ASSIGNED TASK –
Set down each record below precisely, skipping the pictures.

DATA FOR ANALYSIS –
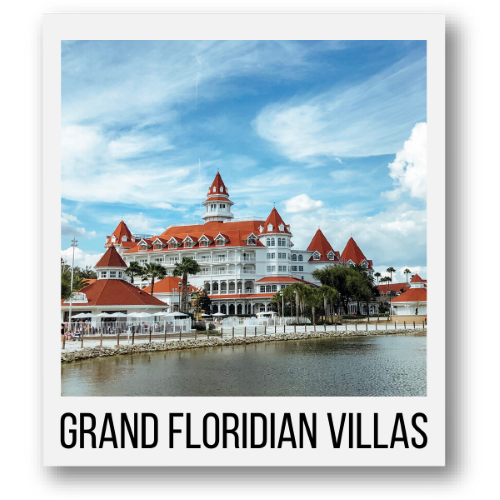 Grand Floridian Villas
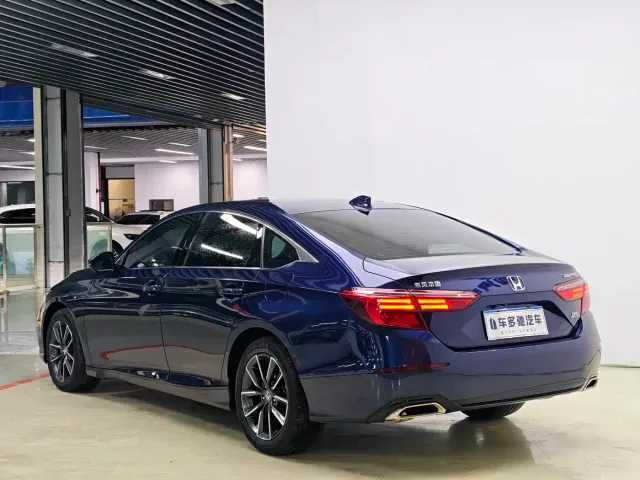 Honda Inspire — Фото автомобиля 5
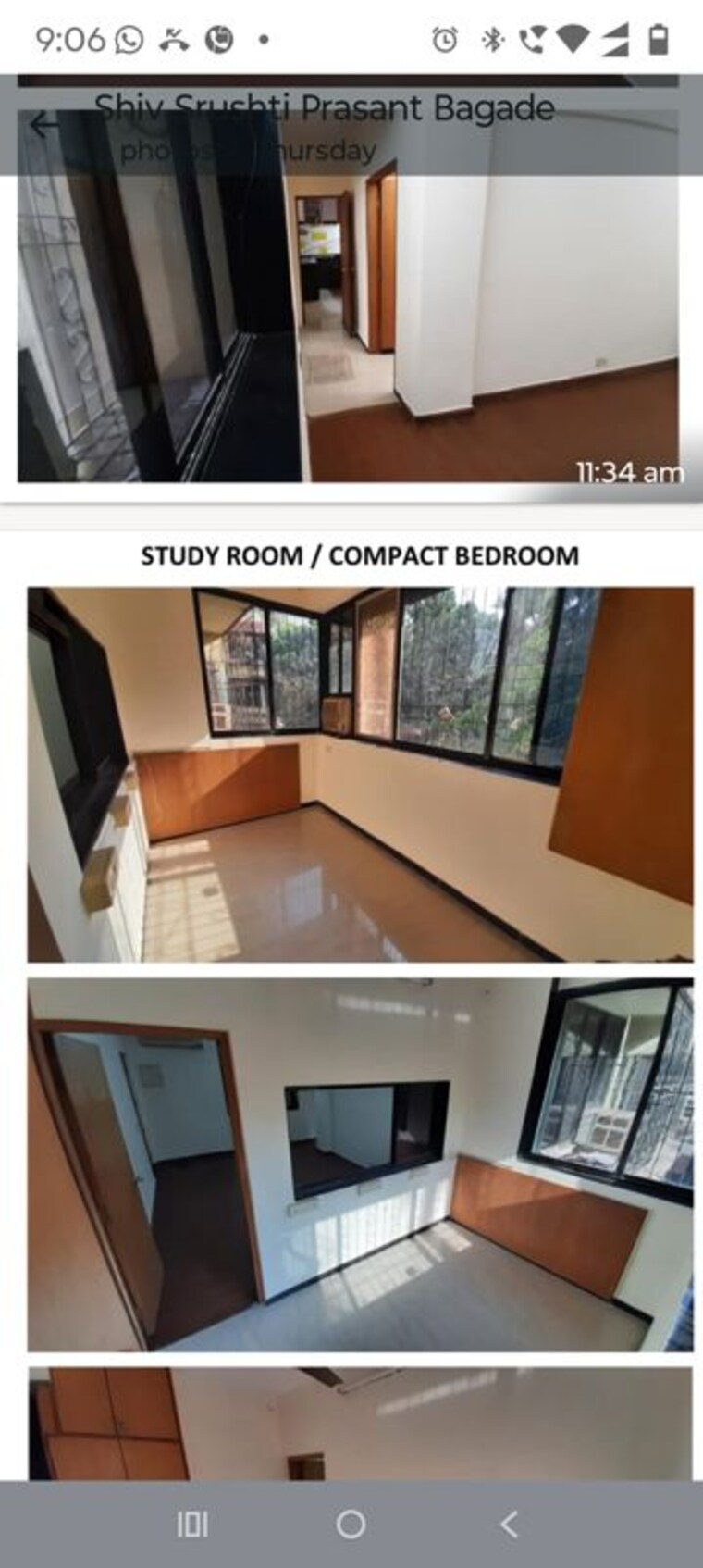 Team Area, kurla 2 Bedroom 700 Sq.Ft. Apartment In Kurla Mumbai 10454036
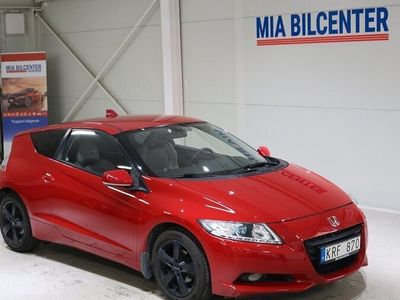 begagnad Honda CR-Z 1.5 HYBRID Svensk såld , ACC 2011, Halvkombi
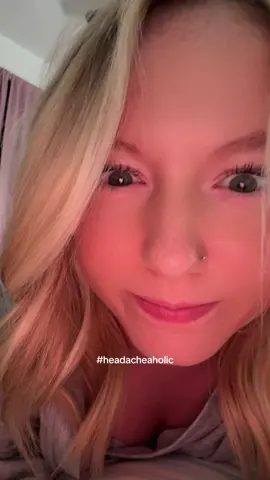 i’ve had a headache for the past 3 weeks someone help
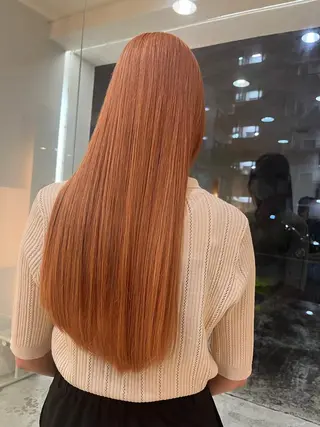 カラー Emma ecole所属・Emma ecole /栄/RIOのヘアスタイル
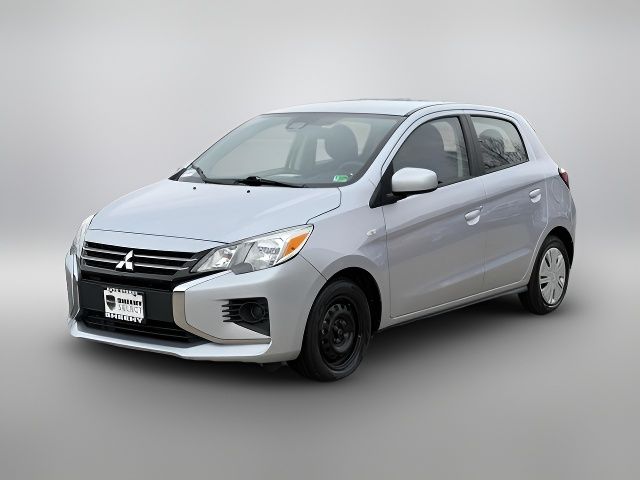 2021 Mitsubishi Mirage ES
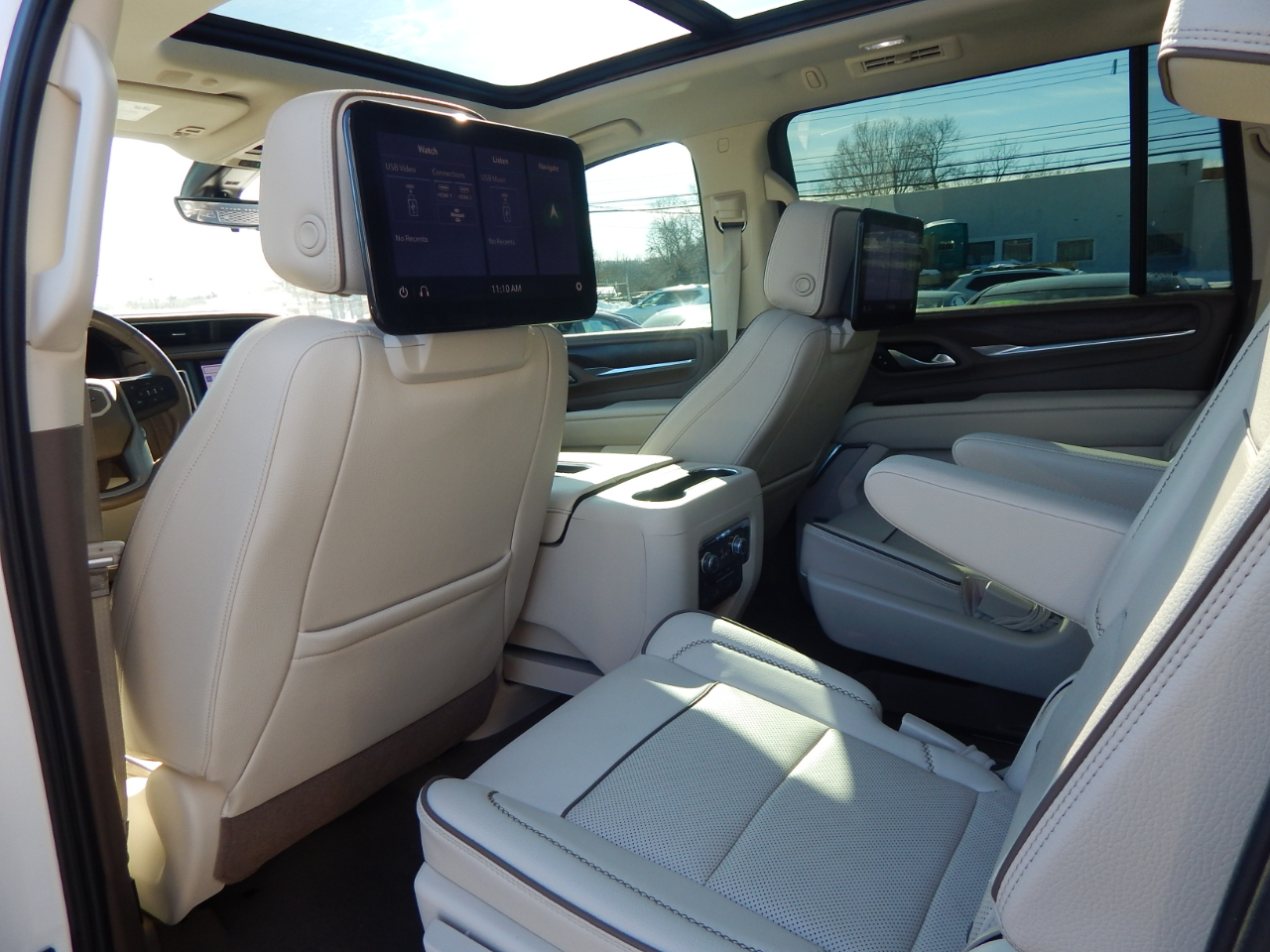 GMC Yukon XL 4WD 4dr Denali 2021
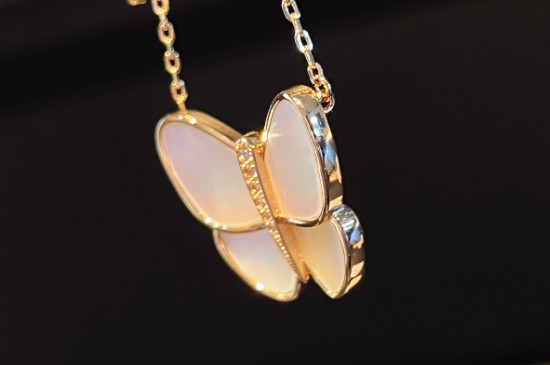 女人戴白贝母的寓意  第2张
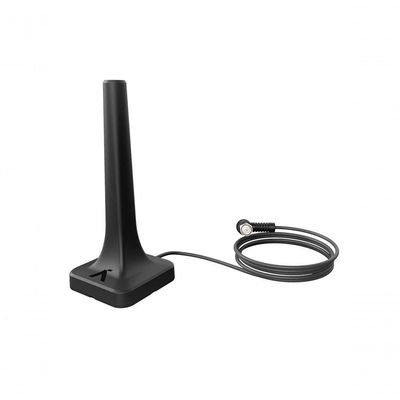Antena Digital Hdtv 4 Em 1 Vhf-uhf-fm-hdtv Uso Interno Ou Externo Com Cabo 2,5 Metros Dtv-200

WORKED SOLUTION –
 Grand Floridian Villas
 Honda Inspire — Фото автомобиля 5
 Team Area, kurla 2 Bedroom 700 Sq.Ft. Apartment In Kurla Mumbai 10454036
 begagnad Honda CR-Z 1.5 HYBRID Svensk såld , ACC 2011, Halvkombi
 i’ve had a headache for the past 3 weeks someone help
 カラー Emma ecole所属・Emma ecole /栄/RIOのヘアスタイル
 2021 Mitsubishi Mirage ES
 GMC Yukon XL 4WD 4dr Denali 2021
 女人戴白贝母的寓意  第2张
Antena Digital Hdtv 4 Em 1 Vhf-uhf-fm-hdtv Uso Interno Ou Externo Com Cabo 2,5 Metros Dtv-200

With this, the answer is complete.